WORK INSTRUCTIONS. Give back every record below, character for character.

RECORDS PROVIDED.
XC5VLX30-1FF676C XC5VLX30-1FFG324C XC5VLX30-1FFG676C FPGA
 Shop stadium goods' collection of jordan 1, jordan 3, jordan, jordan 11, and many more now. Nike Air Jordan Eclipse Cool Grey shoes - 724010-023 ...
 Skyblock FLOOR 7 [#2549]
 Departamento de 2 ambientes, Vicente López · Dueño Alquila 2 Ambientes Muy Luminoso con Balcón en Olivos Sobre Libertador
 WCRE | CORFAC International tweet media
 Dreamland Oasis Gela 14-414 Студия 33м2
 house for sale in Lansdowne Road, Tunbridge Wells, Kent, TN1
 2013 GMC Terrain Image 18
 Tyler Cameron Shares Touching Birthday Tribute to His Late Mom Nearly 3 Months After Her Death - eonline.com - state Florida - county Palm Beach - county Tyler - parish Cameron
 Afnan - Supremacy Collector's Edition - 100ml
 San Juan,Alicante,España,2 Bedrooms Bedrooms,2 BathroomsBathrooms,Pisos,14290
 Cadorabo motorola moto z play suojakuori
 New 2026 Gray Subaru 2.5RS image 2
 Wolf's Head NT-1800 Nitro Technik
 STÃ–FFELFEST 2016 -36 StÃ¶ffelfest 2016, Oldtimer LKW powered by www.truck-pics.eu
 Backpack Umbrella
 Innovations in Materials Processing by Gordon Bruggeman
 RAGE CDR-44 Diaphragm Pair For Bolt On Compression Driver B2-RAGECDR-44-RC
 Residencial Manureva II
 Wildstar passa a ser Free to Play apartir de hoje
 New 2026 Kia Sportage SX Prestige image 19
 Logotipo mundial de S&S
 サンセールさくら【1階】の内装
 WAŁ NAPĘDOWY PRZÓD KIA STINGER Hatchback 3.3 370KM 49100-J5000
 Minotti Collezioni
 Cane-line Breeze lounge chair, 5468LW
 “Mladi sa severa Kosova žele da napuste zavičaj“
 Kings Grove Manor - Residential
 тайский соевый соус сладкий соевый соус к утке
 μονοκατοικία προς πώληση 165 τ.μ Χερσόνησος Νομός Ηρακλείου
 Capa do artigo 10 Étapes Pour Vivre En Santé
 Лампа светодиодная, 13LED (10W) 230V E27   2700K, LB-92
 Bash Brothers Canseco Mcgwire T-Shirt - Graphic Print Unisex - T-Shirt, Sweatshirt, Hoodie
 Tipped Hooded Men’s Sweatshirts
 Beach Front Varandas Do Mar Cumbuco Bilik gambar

TASK RESULT.
XC5VLX30-1FF676C XC5VLX30-1FFG324C XC5VLX30-1FFG676C FPGA
 Shop stadium goods' collection of jordan 1, jordan 3, jordan, jordan 11, and many more now. Nike Air Jordan Eclipse Cool Grey shoes - 724010-023 ...
 Skyblock FLOOR 7 [#2549]
 Departamento de 2 ambientes, Vicente López · Dueño Alquila 2 Ambientes Muy Luminoso con Balcón en Olivos Sobre Libertador
 WCRE | CORFAC International tweet media
 Dreamland Oasis Gela 14-414 Студия 33м2
 house for sale in Lansdowne Road, Tunbridge Wells, Kent, TN1
 2013 GMC Terrain Image 18
 Tyler Cameron Shares Touching Birthday Tribute to His Late Mom Nearly 3 Months After Her Death - eonline.com - state Florida - county Palm Beach - county Tyler - parish Cameron
 Afnan - Supremacy Collector's Edition - 100ml
 San Juan,Alicante,España,2 Bedrooms Bedrooms,2 BathroomsBathrooms,Pisos,14290
 Cadorabo motorola moto z play suojakuori
 New 2026 Gray Subaru 2.5RS image 2
 Wolf's Head NT-1800 Nitro Technik
 STÃ–FFELFEST 2016 -36 StÃ¶ffelfest 2016, Oldtimer LKW powered by www.truck-pics.eu
 Backpack Umbrella
 Innovations in Materials Processing by Gordon Bruggeman
 RAGE CDR-44 Diaphragm Pair For Bolt On Compression Driver B2-RAGECDR-44-RC
 Residencial Manureva II
 Wildstar passa a ser Free to Play apartir de hoje
 New 2026 Kia Sportage SX Prestige image 19
 Logotipo mundial de S&S
 サンセールさくら【1階】の内装
 WAŁ NAPĘDOWY PRZÓD KIA STINGER Hatchback 3.3 370KM 49100-J5000
 Minotti Collezioni
 Cane-line Breeze lounge chair, 5468LW
 “Mladi sa severa Kosova žele da napuste zavičaj“
 Kings Grove Manor - Residential
 тайский соевый соус сладкий соевый соус к утке
 μονοκατοικία προς πώληση 165 τ.μ Χερσόνησος Νομός Ηρακλείου
 Capa do artigo 10 Étapes Pour Vivre En Santé
 Лампа светодиодная, 13LED (10W) 230V E27   2700K, LB-92
 Bash Brothers Canseco Mcgwire T-Shirt - Graphic Print Unisex - T-Shirt, Sweatshirt, Hoodie
 Tipped Hooded Men’s Sweatshirts
 Beach Front Varandas Do Mar Cumbuco Bilik gambar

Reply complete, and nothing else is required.